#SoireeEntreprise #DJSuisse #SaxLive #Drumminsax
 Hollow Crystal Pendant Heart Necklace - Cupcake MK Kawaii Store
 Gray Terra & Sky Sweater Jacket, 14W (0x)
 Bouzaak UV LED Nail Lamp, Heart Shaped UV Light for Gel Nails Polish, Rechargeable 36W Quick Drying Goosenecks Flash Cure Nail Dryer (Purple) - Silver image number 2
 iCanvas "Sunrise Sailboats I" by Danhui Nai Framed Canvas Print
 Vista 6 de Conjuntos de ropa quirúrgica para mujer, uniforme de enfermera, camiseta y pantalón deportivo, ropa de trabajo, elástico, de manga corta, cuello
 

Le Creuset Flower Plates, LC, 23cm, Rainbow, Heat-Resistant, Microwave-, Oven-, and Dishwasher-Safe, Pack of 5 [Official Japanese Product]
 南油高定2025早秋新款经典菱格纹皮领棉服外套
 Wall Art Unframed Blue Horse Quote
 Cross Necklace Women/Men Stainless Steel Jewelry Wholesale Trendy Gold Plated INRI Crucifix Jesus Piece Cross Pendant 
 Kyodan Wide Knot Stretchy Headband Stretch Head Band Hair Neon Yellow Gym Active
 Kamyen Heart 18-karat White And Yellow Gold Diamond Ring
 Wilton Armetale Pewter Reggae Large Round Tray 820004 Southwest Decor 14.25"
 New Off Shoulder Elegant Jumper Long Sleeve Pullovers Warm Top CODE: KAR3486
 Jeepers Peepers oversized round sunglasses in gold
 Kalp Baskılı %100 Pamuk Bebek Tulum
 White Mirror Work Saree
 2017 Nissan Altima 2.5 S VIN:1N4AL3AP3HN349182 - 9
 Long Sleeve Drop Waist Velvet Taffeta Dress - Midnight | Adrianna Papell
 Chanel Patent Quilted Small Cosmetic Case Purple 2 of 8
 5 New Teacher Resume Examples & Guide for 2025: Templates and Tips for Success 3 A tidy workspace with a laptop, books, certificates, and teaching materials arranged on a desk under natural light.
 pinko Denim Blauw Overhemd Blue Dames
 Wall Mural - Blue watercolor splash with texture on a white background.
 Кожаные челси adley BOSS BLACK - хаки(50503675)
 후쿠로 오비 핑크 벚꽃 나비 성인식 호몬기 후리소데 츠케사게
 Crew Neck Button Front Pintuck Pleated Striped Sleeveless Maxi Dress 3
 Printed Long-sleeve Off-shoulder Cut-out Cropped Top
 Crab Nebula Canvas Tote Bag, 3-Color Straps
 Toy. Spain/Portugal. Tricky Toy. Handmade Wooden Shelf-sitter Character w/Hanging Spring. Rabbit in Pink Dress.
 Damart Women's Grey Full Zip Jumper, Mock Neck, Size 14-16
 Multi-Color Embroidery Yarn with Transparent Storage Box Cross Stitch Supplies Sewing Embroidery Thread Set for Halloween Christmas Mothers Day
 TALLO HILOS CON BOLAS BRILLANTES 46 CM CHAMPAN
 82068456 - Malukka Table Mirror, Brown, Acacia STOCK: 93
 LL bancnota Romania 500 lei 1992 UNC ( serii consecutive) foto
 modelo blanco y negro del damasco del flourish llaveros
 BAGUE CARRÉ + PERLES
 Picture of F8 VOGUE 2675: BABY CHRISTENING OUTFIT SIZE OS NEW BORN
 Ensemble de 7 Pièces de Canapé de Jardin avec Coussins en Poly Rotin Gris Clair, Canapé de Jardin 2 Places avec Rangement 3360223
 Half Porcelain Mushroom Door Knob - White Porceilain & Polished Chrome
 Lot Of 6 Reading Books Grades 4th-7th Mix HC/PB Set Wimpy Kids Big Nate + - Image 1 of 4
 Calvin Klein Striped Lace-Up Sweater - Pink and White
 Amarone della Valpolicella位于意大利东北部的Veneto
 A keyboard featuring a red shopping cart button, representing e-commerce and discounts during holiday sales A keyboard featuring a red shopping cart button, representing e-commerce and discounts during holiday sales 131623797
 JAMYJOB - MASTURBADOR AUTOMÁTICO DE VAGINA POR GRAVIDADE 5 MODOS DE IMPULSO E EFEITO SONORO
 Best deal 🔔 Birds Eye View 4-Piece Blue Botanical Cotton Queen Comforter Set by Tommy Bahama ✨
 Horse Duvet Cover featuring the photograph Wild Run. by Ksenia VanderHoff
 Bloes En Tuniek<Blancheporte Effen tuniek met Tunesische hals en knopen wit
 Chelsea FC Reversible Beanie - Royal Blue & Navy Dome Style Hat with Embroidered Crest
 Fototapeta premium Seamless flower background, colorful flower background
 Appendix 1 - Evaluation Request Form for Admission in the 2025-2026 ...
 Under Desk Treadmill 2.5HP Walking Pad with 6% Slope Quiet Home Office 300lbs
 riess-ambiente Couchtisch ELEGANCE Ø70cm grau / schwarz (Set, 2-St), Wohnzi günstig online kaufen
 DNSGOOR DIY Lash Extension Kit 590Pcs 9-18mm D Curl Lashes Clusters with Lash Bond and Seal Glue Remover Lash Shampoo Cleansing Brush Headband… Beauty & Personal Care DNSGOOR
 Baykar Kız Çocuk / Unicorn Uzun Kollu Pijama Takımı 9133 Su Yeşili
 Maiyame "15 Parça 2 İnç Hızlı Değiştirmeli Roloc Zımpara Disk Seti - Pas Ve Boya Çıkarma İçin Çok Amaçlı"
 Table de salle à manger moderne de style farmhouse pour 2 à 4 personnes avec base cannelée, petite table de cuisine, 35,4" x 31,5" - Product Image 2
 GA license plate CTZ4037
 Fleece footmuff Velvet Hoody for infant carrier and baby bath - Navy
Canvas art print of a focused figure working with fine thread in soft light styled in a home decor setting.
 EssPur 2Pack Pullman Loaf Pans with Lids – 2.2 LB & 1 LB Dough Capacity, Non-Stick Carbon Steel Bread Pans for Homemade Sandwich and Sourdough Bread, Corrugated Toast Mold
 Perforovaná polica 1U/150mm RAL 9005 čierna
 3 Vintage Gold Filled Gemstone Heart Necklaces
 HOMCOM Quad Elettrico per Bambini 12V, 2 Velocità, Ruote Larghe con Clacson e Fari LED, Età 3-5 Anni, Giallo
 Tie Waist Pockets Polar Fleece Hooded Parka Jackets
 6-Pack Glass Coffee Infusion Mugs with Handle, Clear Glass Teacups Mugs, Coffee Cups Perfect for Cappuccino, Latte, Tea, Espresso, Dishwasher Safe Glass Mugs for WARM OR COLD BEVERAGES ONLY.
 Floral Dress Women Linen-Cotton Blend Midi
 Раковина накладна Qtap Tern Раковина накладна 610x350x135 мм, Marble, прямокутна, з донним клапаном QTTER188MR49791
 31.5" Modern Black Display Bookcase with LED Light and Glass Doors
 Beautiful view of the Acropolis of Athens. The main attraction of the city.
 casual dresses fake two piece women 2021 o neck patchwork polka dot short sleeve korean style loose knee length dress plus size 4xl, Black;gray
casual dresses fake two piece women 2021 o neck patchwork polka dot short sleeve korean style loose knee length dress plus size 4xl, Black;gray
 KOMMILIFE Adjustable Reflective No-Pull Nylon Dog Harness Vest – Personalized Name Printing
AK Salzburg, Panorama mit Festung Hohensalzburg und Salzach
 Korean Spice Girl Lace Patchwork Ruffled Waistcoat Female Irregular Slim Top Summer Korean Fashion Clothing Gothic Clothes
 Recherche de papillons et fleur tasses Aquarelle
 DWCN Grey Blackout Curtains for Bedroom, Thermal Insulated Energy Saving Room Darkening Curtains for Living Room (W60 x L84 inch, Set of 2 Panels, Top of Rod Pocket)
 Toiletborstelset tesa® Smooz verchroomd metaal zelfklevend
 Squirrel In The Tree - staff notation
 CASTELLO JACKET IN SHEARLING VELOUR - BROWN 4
****
Description of the task
Could you tally how many lines of the material above include the word "fake" and reply with only that count?

Expected answer
2